# Just tried zero VOC primer



## Sunnygirl (Nov 16, 2011)

I have a job that has no ventilation and requires a lot of priming. I've used Zinsser Bullseye 123 almost exclusively for years. It is a very good primer.

On this job I wanted zero VOCs if possible, so asked at the big box and they sold me Kilz Clean Start. I expected it to be junk (because it's zero VOCs), but was actually quite impressed with it. It goes on very smoothly (I'm brushing, not spraying), smoother than what I'm used to, and isn't prone to drips. It dried very quickly, and was able to paint over it and finish one area very quickly. It's very low odor, but of course the biggie is the low VOCs. If you work with this stuff a lot, that's pretty important.

I haven't looked up the specs on it yet. The nice thing about Bullseye is that it's rated for almost any surface (not rated for floors, though), so you pretty much know you're covered in almost any situation, even exterior. Nice, consistent results. I don't know about the Kilz yet, but preliminary results are good. It sure stuck to my hands…. still trying to get it off, which is the same as Bullseye, so that's a good indication (hate trying to get primer off, though).

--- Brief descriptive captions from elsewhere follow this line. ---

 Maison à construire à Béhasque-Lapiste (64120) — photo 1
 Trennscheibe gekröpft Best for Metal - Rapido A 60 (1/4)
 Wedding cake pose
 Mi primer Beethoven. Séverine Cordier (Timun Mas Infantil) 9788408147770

I just wanted to let others know. I almost didn't try the zero VOC stuff, but am glad I did. Being safe is a good thing. )


----------



## patron (Apr 2, 2009)

thanks for the info

how is it to sand

and is it for paint only
or can it go under other finishes too


----------



## Sunnygirl (Nov 16, 2011)

I only had to sand it a tiny bit, so didn't give it a good test. Haven't read up on the applications. Will do that soon. As far as I'm aware, it's only for under paint.


----------



## mrpedaling (Jun 14, 2011)

We did use some kilz, but it was the non low voc and definitely didn't apply or work as nice as the smart prime. Fwiw, I've had real good luck with smart prime. Not cheap (30/gal?), but zero voc and low odor. Excellent coverage and blocking. Dries super fast too. Says 1hr to recoat, 30m dry to touch. Usually less that that. Sands great. Been using it under some benjamin moore super spec hp oil, and things are going well.

Totally anecdotal, but I was trying to say- yeah, low voc can be just as good. 
. I'll give that no voc kilz a shot when i run out


----------